I also wasn't sure what was going on with the simulation results, e.g., are the false positives clustered with the true positives or disjoint?

Indeed, false positives tend to cluster with true positives, although not pronouncedly (Author response image 1). Among the false positive pairs detected as concordantly evolving for higher FDR 30%, the pairs where one or both sites are involved in positive epistatic interactions are overrepresented, with the multinomial test p-value of 0.003 (Author response table 1). The same is true for spuriously detected discordantly evolving pairs: pairs where one or both sites are involved in negative epistatic interactions are overrepresented among them, with multinomial test p-value of 0.0018 (Author response table 2). See the answer to Reviewer 3 on question 2.

Author response image 1. Site pairs detected as concordantly (I) or discordantly (II) evolving for FDR 30%, blue – site from a true concordantly evolving pair, red – site from a true discordantly evolving site pair, yellow – neutral; thick lines indicate true epistatic pairs.

Author response image 1.

Author response table 1. Observed frequencies of spurious detection of concordant evolution for different types of site pairs, compared to the expected (multinomial test p-value = 0).

0032). The number of possible FP pairs is calculated as the number of unordered combinations of sites that produce false positive pairs. For example, 20 sites in the simulation are involved in positive epistatic interactions and form 10 true epistatic pairs. The number of possible FP pairs can then be calculated as follows: Number of FP pairs = (Number of combinations of 2 sites from a set of 20) – (Number of true epistatic pairs) = 20*19/2 – 10 = 180.

site types #FP #total possible FP expected FP frequency observed FP frequency
(pos,pos) 7 180 0,0364 0,0843
(pos,neg) 7 400 0,0810 0,0843
(neg,neg) 0 190 0,0385 0
(pos,neu) 33 1200 0,2429 0,3976
(neg,neu) 6 1200 0,2429 0,0723
(neu,neu) 30 1770 0,3583 0,3614

Author response table 2. Observed frequencies of spurious detection of discordant evolution for different types of site pairs, compared to the expected.

Multinomial test p-value = 0.0018.

site types #FP #total possible FP expected FP frequency observed FP frequency
(pos,pos) 0 190 0,0385 0
(pos,neg) 7 400 0,0810 0,1556
(neg,neg) 4 180 0,0364 0,0889
(pos,neu) 5 1200 0,2429 0,1111
(neg,neu) 19 1200 0,2429 0,4222
(neu,neu) 10 1770 0,3583 0,2222

What features distinguish true positives from false negatives? (Is it just how much they evolved?)
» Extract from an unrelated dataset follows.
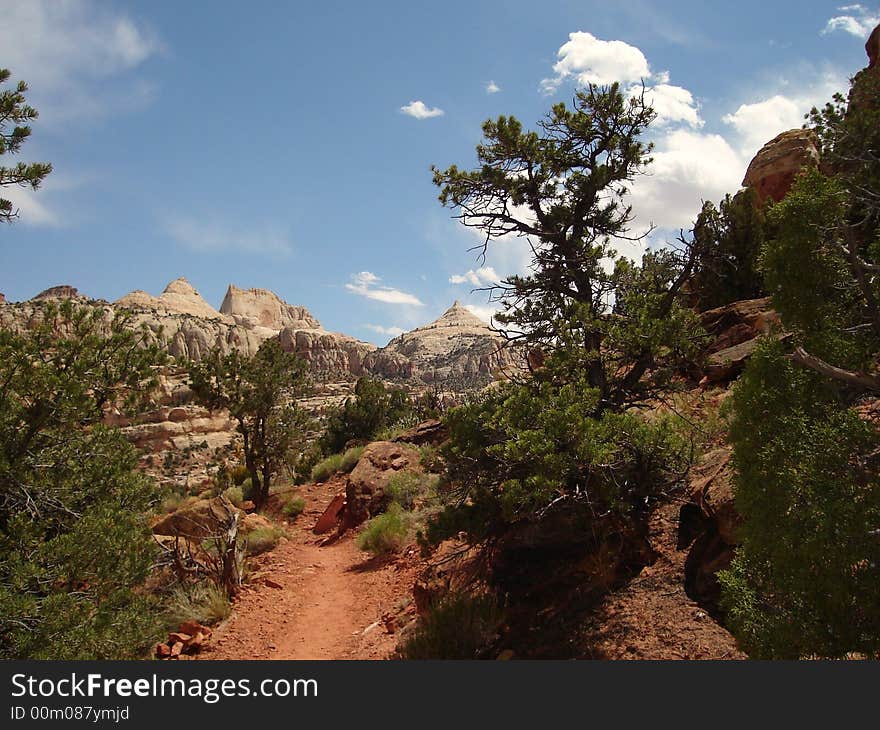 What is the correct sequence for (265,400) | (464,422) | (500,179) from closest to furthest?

Our test is heuristic, and we do not expect it to detect epistasis perfectly. Our power depends on several factors. First, our ability to infer the presence and direction of epistasis will depend on the exact shape of the fitness landscape: it will be higher for the reciprocal sign epistasis, and lower for other types of epistasis. Furthermore, the identity of the ancestral alleles matters. In our simulations, we assume that the ancestral state corresponds to the fittest allele pair. In reality, in some cases, the most recent ancestor of the considered sample may carry the state that is not the most fit, or not uniquely the most fit; if so, the sign of the epistasis (positive vs. negative) will depend on the ancestral state. In general, in case of epistasis, the difference between concordant and discordant evolution is methodological rather than inherent in the nature of the underlying evolutionary process: we detect an excess of consecutive substitutions in case of concordant evolution and a deficiency of consecutive substitutions in case of discordant evolution, but both indicate that an allele at one site preferentially arises on the background of some, but not others, alleles at another site.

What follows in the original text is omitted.